Uganda, rebels agree local justice for war crimes
KAMPALA, July 2 (Reuters) - Uganda has agreed to handle war crimes committed by northern rebels internally, moving closer to protecting insurgent leaders from international arrest warrants they say will prevent them from signing a final peace deal.
In an accord signed over the weekend by Uganda's government and the Lord's Resistance Army (LRA), Kampala stops short of promising to shelter rebel leaders from war crimes indictments issued by the International Criminal Court (ICC) in The Hague.
But the agreement -- the third in a five-stage deal to end one of Africa's longest wars -- says Uganda has "national laws capable of addressing the human rights violations during the conflict", according to a copy seen by Reuters on Monday.
The ICC has issued warrants for LRA leader Joseph Kony, his deputy commander Vincent Otti, and two other senior rebels for mass murder, mutilation and using child soldiers in the 20-year war, which has been on hold since a truce last August.
But Otti said the rebels would move no further towards a final peace deal until the ICC is called off.
"Now we've signed this, we want to see progress on the government side with the ICC. The government now should go to the ICC and get them to withdraw the warrants," Otti told Reuters by satellite phone from his Congolese jungle hideout.
"We shall go for national reconciliation only after the indictments have been withdrawn. We shall see about penalties and national courts later."
The Ugandan government has argued the LRA's only hope of avoiding the ICC warrants was to sign a deal, undergo national tribunals for crimes, and then approach the international court's judges.
"ALTERNATIVE JUSTICE"
The weekend agreement is vague on punishment and the government only promises to "address conscientiously the question of the ICC arrest warrants relating to the leaders of the LRA".
ICC officials were not immediately available for comment.
The deal outlines "alternative justice mechanisms" to promote reconciliation and traditional justice processes.

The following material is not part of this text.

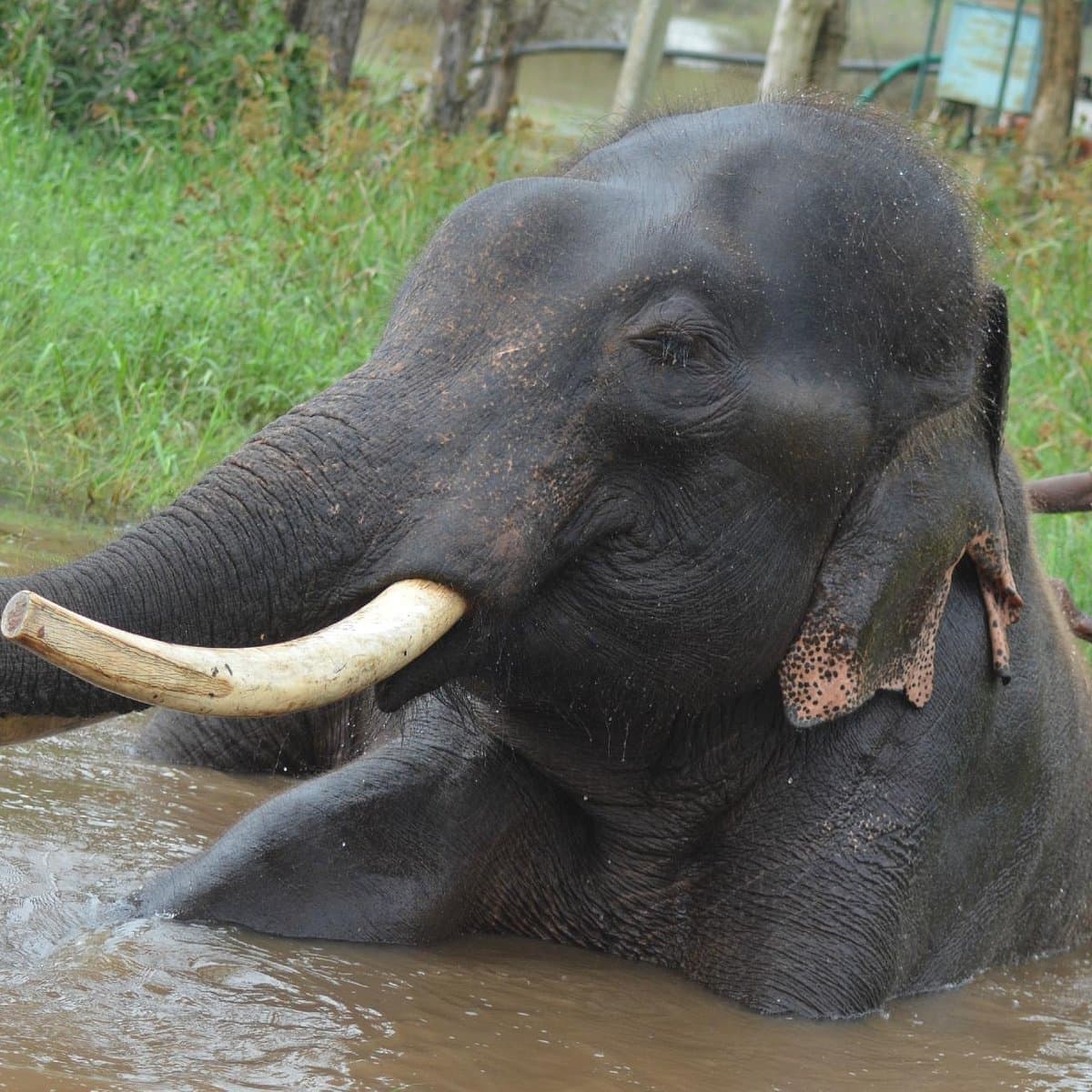 Elephants at Sakrebailu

Traditional leaders from Kony's Acholi tribe, who have borne the brunt of the conflict, want the LRA undergo a "Mato Oput" reconciliation ritual, where victims effectively forgive a murderer after he admits his crime and pays compensation.
Human rights groups reject that, saying a credible process must dish out harsher penalties.
The new agreement hints that punishments for grave crimes, many of which carry the death sentence in Uganda, will be softer or suspended for the sake of national reconciliation.
"Formal courts and tribunals established by law shall ... introduce a regime of alternative penalties (to) ... replace existing penalties," it said.
In neighbouring Rwanda, traditional "gacaca" courts trying people suspected of involvement in the 1994 genocide have been criticised for being slow and biased.